Identifying Latent Concepts and Structures for Generalized Category Discovery
Abstract
Generalized Category Discovery (GCD) aims to recognize known classes while autonomously discovering novel ones in open-world settings. However, current approaches primarily focus on designing clustering objectives, often overlooking a critical bottleneck: standard vision backbones yield high-rank, entangled token representations that are ill-suited for unsupervised discovery of latent concepts and structures. In this paper, we propose Compositional Primitive Fields (CPF-GCD), a novel representation learning framework that reshapes the feature space to make such latent structure identifiable by enforcing a low-rank compositional organization. Our core hypothesis is that all categories (known/novel) reside on a latent manifold spanned by a finite set of learnable visual primitives that capture reusable concepts. CPF instantiates this geometric constraint via a spatial field mechanism. Inserted between the backbone and the head, it projects noisy patch tokens onto this structured manifold, effectively decomposing images into reusable atomic parts and their spatial layouts.
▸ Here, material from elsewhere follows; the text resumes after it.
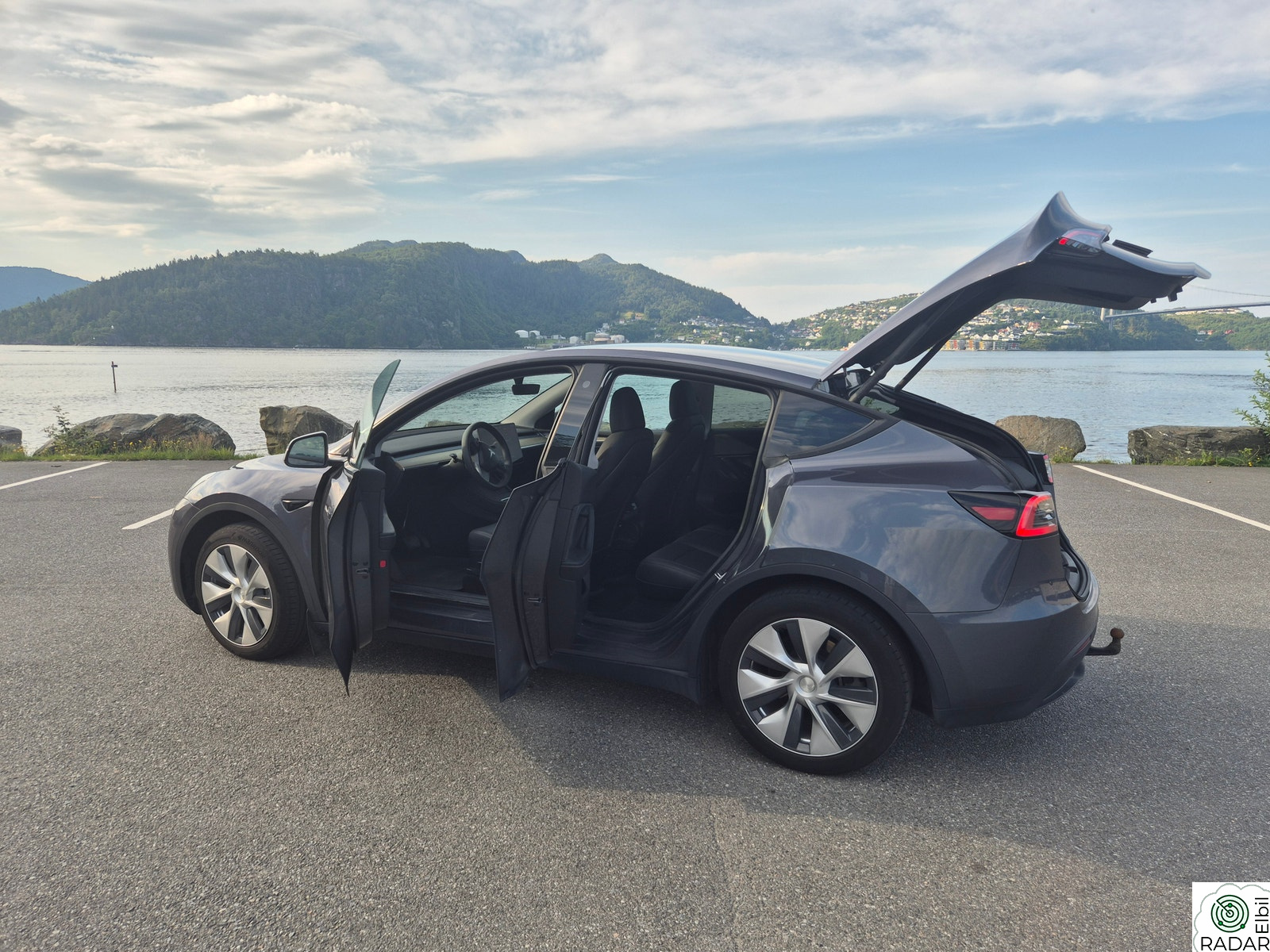 TESLA Model Y Standard Range RWD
By explicitly modeling the spatial distribution of primitives, CPF enables novel categories to emerge naturally as new activation patterns over a shared vocabulary. Extensive experiments demonstrate that CPF serves as a generic, plug-and-play module that consistently boosts performance across diverse GCD baselines, validating that identifying and leveraging low-rank compositional structure is a crucial inductive bias for open-world recognition.